I can spend all day seeing where my packets go, and what connections it uses. Playing a side it is good to see where hold up’s are and if it is possible to correct them.
If you want to find the information behind a website the best way to do this normally is through the contact form a website provides. However if one doesn’t exist, and you need one for legal reasons or otherwise, the Whois is the way to go. With this enter a website and then pick a Whois server. I recommend adding “whois.godaddy.com” to the server box if you don’t get any meaningful results.
Finger is a very old protocol which was originally designed to find information about a user on a network. Nowadays its not really used due to security and other concerns. However you can find information on your network if you type your name into the box. Although I haven’t tested it it will probably work for other users on your Mac and small home network. Overall this is one option you can probably ignore.

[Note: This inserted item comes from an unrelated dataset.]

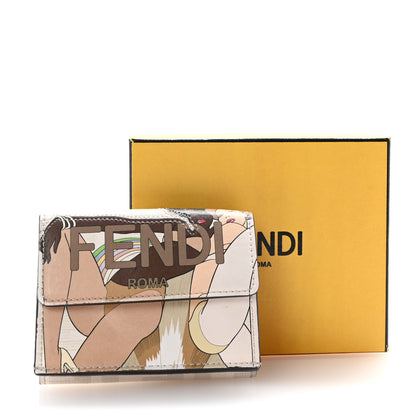 Fendi Glazed Fabric Vitello Liberty FF Logo Bikini Girls Inlay Fold Over Card Holder Wallet Bianco Perla Multicolor 8 of 8
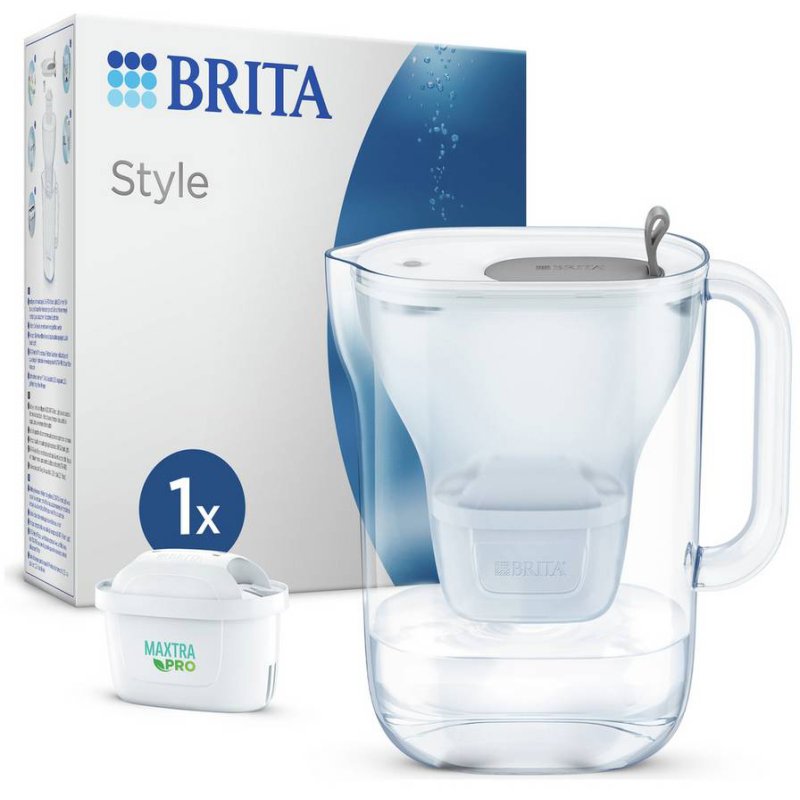 Brita Style Water Filter Grey 2.4L Jug image of the jug and box on a white background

The final option within Network Utility is the port scan option. This is used when you have ports open so can receive requests from other people. This usually includes the “Sharing” options within System Preferences. Any options which you have selected will usually show up here. I like to use this utility to find vulnerabilities and open ports on my Mac and other computers within the network. You can use it on other computers over the net however you usually don’t yeild useful results. I don’t have any ports open so the image below doesn’t show much information.
To conclude Network Utilities has a lot of options. For most people you only really need to use Ping, Traceroute, Whois and occasionally Port Scan. Have a play around with the app and see what information you can yield from it. Its good fun to play with, especially the Traceroute.
If you want to lean more about networking and TCP/IP there are plenty of resources. One of the best is to search the internet to see what you can find. If you like your information in a book there is plenty of resources out there, some good ones include TCP/IP For Dummies for general networking stuff and Mac OS X Unix Toolbox as a general Unix guide. A lot of the actions in Network Utility can be done through Terminal.